Why India is worth the trip
Noh Yeon-jie, 27, a student, was in India five years ago.
Despite her ups and downs, “the trip helped me grow as a person and expand my horizons. I came back with unforgettable memories,” she wrote in an email.
Kim Hyung-dong, 32, a marketing specialist, has been thinking about where to spend his week-long vacation in summer. Asked if he’d consider India as an option, he said. “No, not really!”
“I heard about poor sanitation in India. I don’t want to get sick after drinking water or eating food.”
These comments speak volumes about where India is in tourism and what it has to do more.
The world’s seventh largest country with 1.2-billion people is rather remembered for its poverty. An Academy Award winner “Slumdog Millionaire” which offered a glimpse into slum life drew crowds across the world.
A lack of roads, railways, clean water or electricity is what people deal with everyday, but Indian Ambassador to Korea Vishnu Prakash says the much-heralded poverty only adds to India’s diversity, and that shouldn’t obstruct people from deciding to travel there.
His argument has a point.
Behind shortcomings is a history that stretches out almost 75,000 years, bearing invaluable remnants of heritage.
The nation was once under the influence of the British, Dutch, French and Portuguese. It had Islamic states for several centuries prior to colonization and Persians and Greeks attempted to conquer it. In the 1st century AD, merchants from India and the Roman Empire were actively engaged in trade.
That left the northwestern part of the country with a pronounced Islamic presence, meanwhile the South and Central India with European influence. The northeastern part of the country where it borders China offers the most beautiful scenic views thanks to Mt. Everest.
“Once you go to India, you get addicted to its sights, sounds, smells, and colors,” the ambassador said.
According to statistics from the embassy, India had 5.7 million tourists from all over the world in 2010. The United States was on top, drawing almost 930,000 tourists. The number of Korean tourists was 95,587.
The total figure is growing rapidly, according to Prakash, as the figure jumped to 6.3 million last year, an increase of 600,000 in one year.
With the help of a simplified tourist visa application process in Korea, he was confident that the number from Korea will also rapidly increase. The new service began two months ago. The two governments are even discussing a visa-on-arrival, which the ambassador very much hopes to realize soon.
Inside India, an ambitious project to lay out basic tourism infrastructures is underway, costing $1 trillion between 2012 and 2015.
“We do have an infrastructure deficiency. This is a constraint. We’re working on that — good roads, good communications, budget hotels and so on. But it is a large country, and will take some time,” Prakash said.

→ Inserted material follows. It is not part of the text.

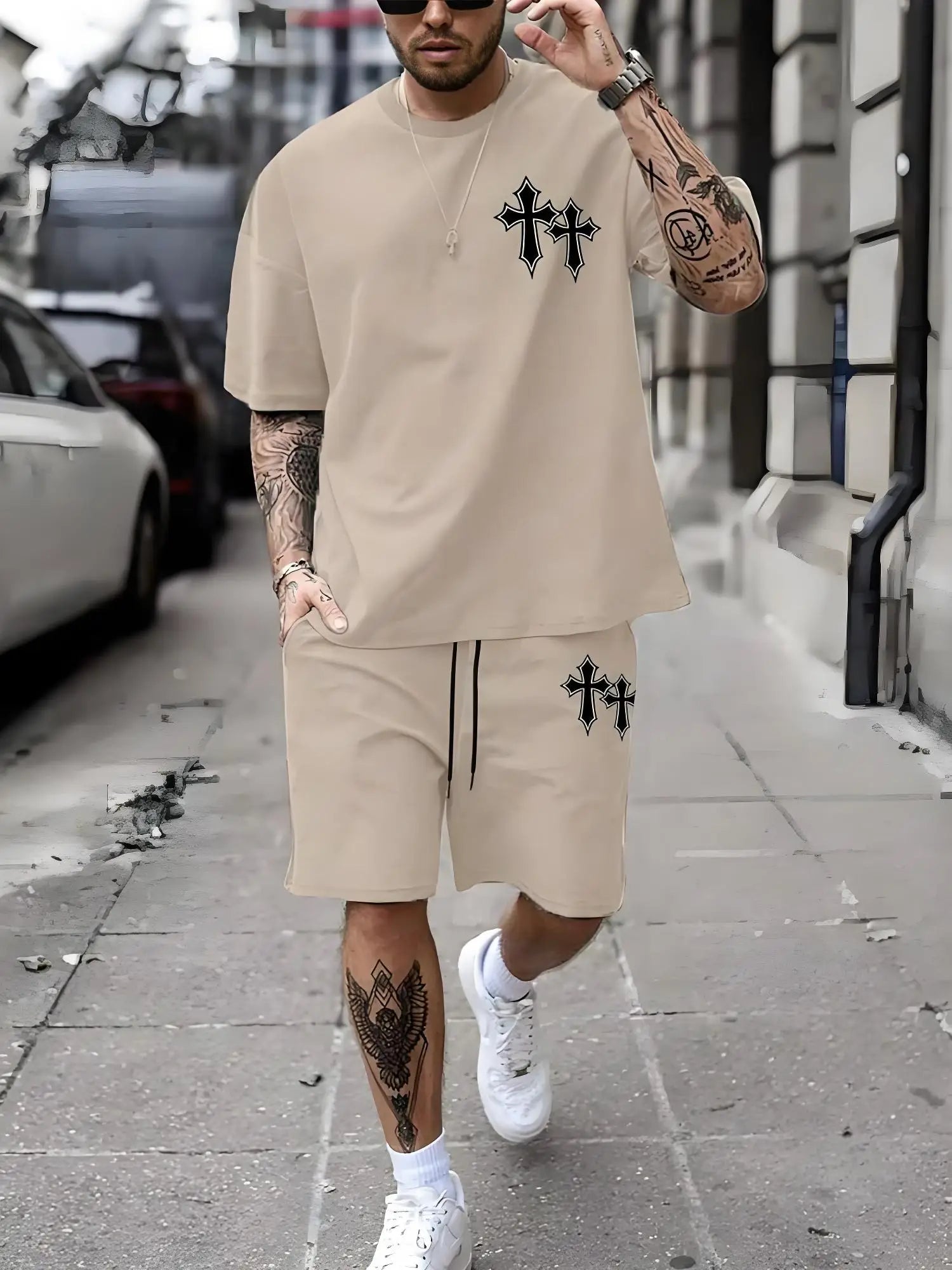 New Plus Size Men's T-shirt And Shorts Set Summer Casual Daily Men's Short Sleeve Top Urban Street Men's Fashion T Shirt Shorts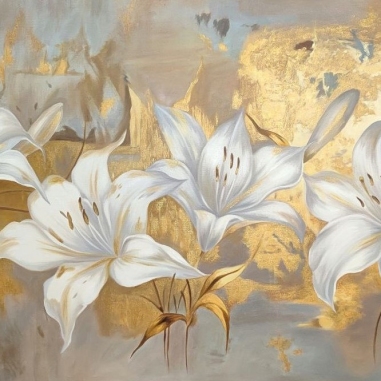 Painting for sale online - Lilies in golden light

For Korean tourists, the Gold Triangle that connects Delhi Agra and Jaipur, World Heritage sites, places of Buddhist pilgrimage and Kerala are the most popular destinations.
To maintain the flow, the embassy together with Incredible India office brainstorms tour packages, and make brochures in Korean language. They also participated in the Korea World Travel Fair which took place in Seoul.
On top of already popular sites, the ambassador added two of his recommendations: Rajasthan, a province in the west, and Goa, a beach town in the southwest.
Prakash said the province offers ancient cities in a desert and in a lake and different palaces that were built under heavy Muslim influence.
About Goa, “I’ve been there. It’s so different from the rest of the country,” he said as to why he likes the town.
Prakash is a traveler himself.
Being a civil servant at India’s foreign ministry has seen him travel to more than 100 countries over the span of three decades. He was posted to Russia, the United States, Japan, Egypt and Pakistan. Right before coming to Korea, he was spokesman for Prime Minister Manmohan Singh.
What is his favorite place outside India?
“It’s Bhutan,” he said. “I always joked with friends that Indian lungs are not suitable for Bhutan. It has a pristine beauty. Tranquility engulfs you. That’s amazing.”